The first Monday after I quit my job, I awoke from the best nights sleep I’d had in years. It felt odd to put on a pair of workout capris, a sports bra and tank top instead of my usual slacks and blouse or dress with heels. I pulled my hair into a ponytail, but couldn’t resist swiping on a coat of mascara and dusting of powder. I then woke the girls up by cuddling with them for a few minutes instead of trying to quickly pull them out of bed to get rolling. What a freeing feeling!
Whenever I’d be rushing into daycare and before school school to drop off my kids, I’d look longingly at the moms dressed in workout gear casually dropping their kids off. In my mind, I knew they were going for an invigorating two hour workout at the gym and then probably going out for coffee and enjoying a relaxing day. Must be nice to not have to rush to the office, spend the day in meetings and then hightail it back to daycare to pick up my kids before closing.
Now I was one of them and it didn’t feel quite how I thought it would. Sure, the first week I did go straight to the gym and then a few times, I really did meet a friend for coffee. It felt great to workout and not try to cram in a half hour Beach Body video at 4:30 am. Although I was taken back about how jam packed the gym is at 8:30 am during the week, I quickly got used to the luxury of actually doing something for just me. I felt decadent and like I was on vacation.
The second week, I started to feel almost embarrassed dressed in workout gear at daycare drop-off. I noticed the other moms dressed for the office and almost felt like they were judging me…kind of like I used to judge other moms at drop-off. Let’s be honest, I’m pretty sure I wasn’t a blip on the radar of most of the other moms, but it’s still how I felt.
By the time another week crept by, I realized I liked picking out my outfits and dressing up for work everyday. However, it also like this new feeling of letting go a bit. It felt pretty great to spend less time getting ready in the morning and more time with kids, like actually making them breakfast instead of handing them a dry toaster waffle to eat in the car. I also noticed my girls were less stressed in the morning and happier.

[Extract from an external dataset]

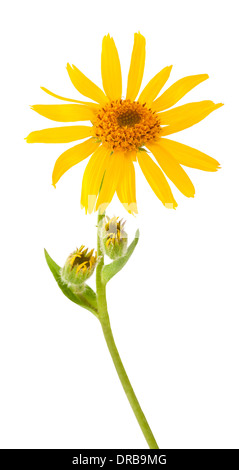 Arnica montana fleur sur fond blanc Banque D'Images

A leopard doesn’t change it’s stripes overnight. I do still wear a bit of make-up with my workout gear and I do dress up a little for when I pick-up the girls. I’m not talking a suit, but a nice blouse and jeans or a sundress. Hey – I can’t let a closet full of clothes go to waste.

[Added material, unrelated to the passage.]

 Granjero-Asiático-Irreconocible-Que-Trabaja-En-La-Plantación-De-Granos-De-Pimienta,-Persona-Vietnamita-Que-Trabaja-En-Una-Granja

As I work on letting go of some of my unconscious biases, I’m also working on taking more time to appreciate the special times of my day – the moment my four-year-old sees me across the playground and runs full speed to jump in my arms, grocery shopping at 10 am on a Tuesday in an empty Mariano’s, being the parent volunteer at the Brownie meeting or taking a cardio kickboxing class that is just for me. It may sound insignificant to some, but to me, these are moments that are important and a luxury for many.